US-based Human Rights Watch has said Lascanas’ allegations linking Duterte to past killings heighten “the urgent need” for an independent UN investigation.
Lascanas, 56, linked Duterte to the Davao killings in testimony at a nationally televised Philippine Senate inquiry this week.
Last year, Lascanas, then still an active police officer, denied under oath any knowledge of or involvement in the Davao killings in an earlier Senate inquiry.
On Monday he told the Senate that he lied last year because he was afraid for his family.
Philippine Senators, including some Duterte allies, expressed doubts about his new allegations amid his turnaround.
Philippine presidents are accorded immunity from lawsuits, but critics have said the claims made by Lascanas could be used in an impeachment complaint or when Duterte steps down from office.
Duterte has denied condoning unlawful killings, but has repeatedly threatened drug lords and dealers with death in public speeches.

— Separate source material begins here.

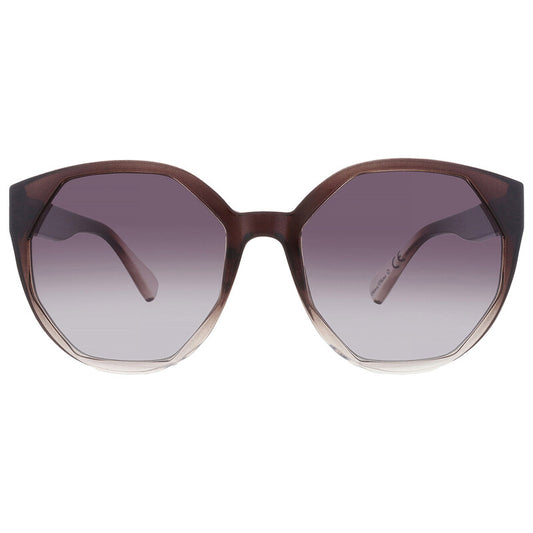 Frye Oval Sunglasses – Charcoal/Smoke (10260430.COM)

“There is no destroying if there is no killing,” Duterte said in a speech in Davao City late on Thursday, adding that he only ordered police to shoot back when threatened and that he is ready to go to jail for his men.
Lascanas said he is ready to testify in an international investigation or in a local court against Duterte and others allegedly involved in the killings in Davao, where he estimates about 300 drug suspects were killed by his group alone over more than two decades, starting when Duterte became mayor in the late 1980s.

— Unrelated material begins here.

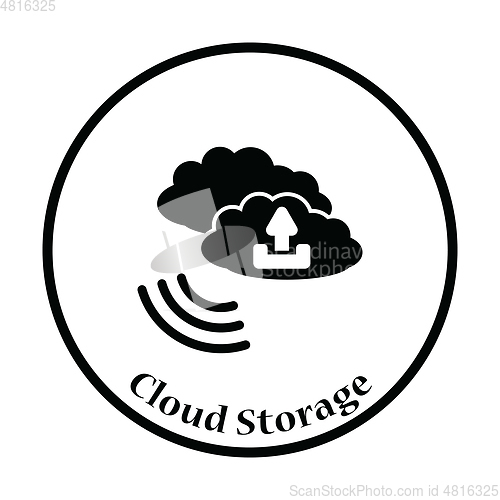 Image of Cloud upload icon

A few years after his group of police officers, former communist rebels and other gunmen launched the killings in Davao, about nine other similar bands of assassins, collectively known as the “Davao Death Squads,” were formed in many districts of the city, considerably inflating the death toll, he said.

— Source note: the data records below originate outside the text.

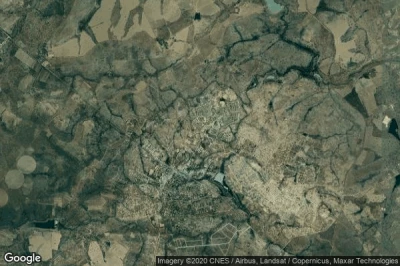 Vue aérienne de Karoi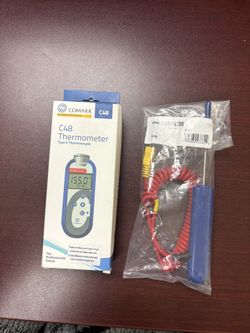 Comark C48 Food Thermometer With Probé
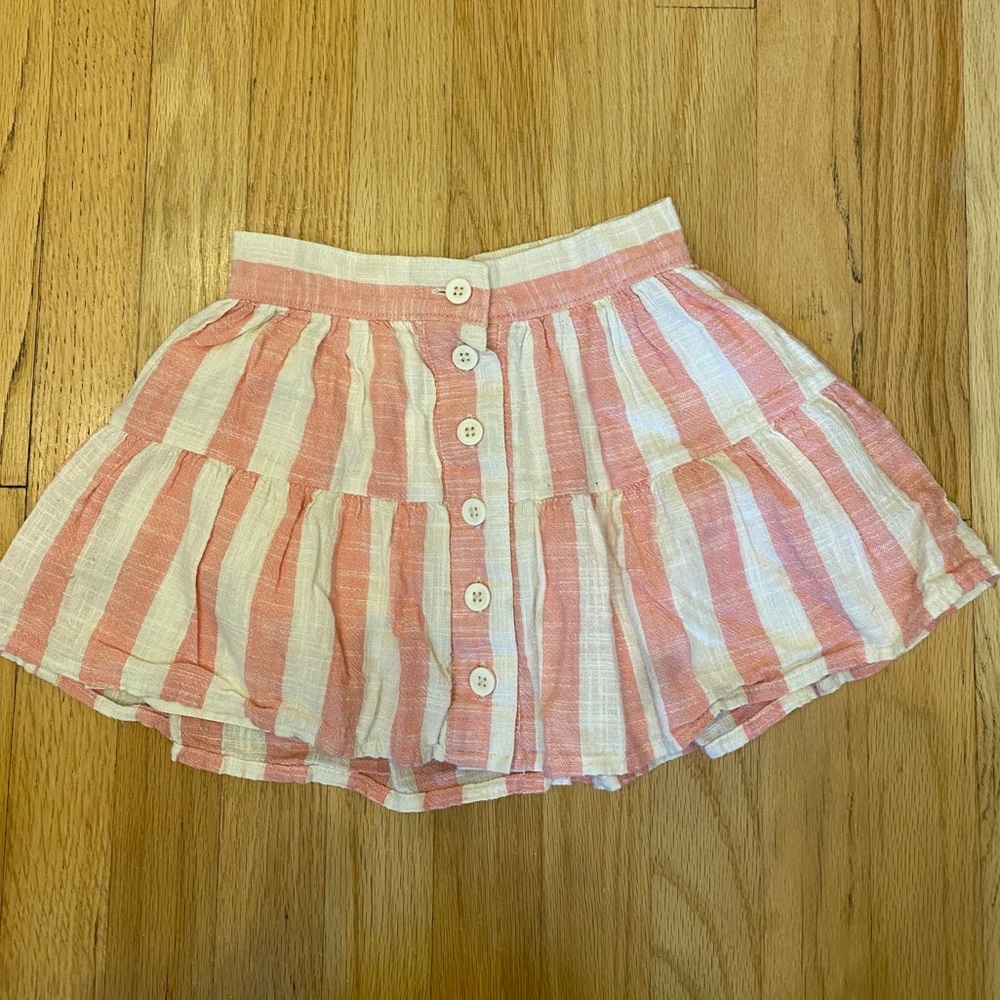 Striped skirt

“My testimony is very incriminating to me,” said Lascanas, who added that he is ready to be convicted or even lose his life for involvement in the killings of about 150 of the 300 people gunned down by his group of about 50 hit men.
“It will have no relevance if I will not expose this to the whole world and it won’t get acted upon so ... this will no longer happen again to the next generations of police and local government units,” he said.
Lascanas said that the Philippine Ombudsman, who prosecutes government officials accused of corruption and other crimes, has asked him to submit an affidavit of his allegations against Duterte.
Lascanas said he could lead investigators to places where he and his group buried some of their victims.
He said some officials might try to dig up the bones to protect Duterte, but that he and a few other killers were the only ones who knew some of the burial sites in the vast area.
He said the Davao crackdown initially targeted drug suspects and criminals, but the targets later included Duterte’s political opponents and critics, including two radio commentators.
As an insider who saw how the Davao crackdown spun out of control, Lascanas said that a disaster awaits the country if the current killings are not stopped.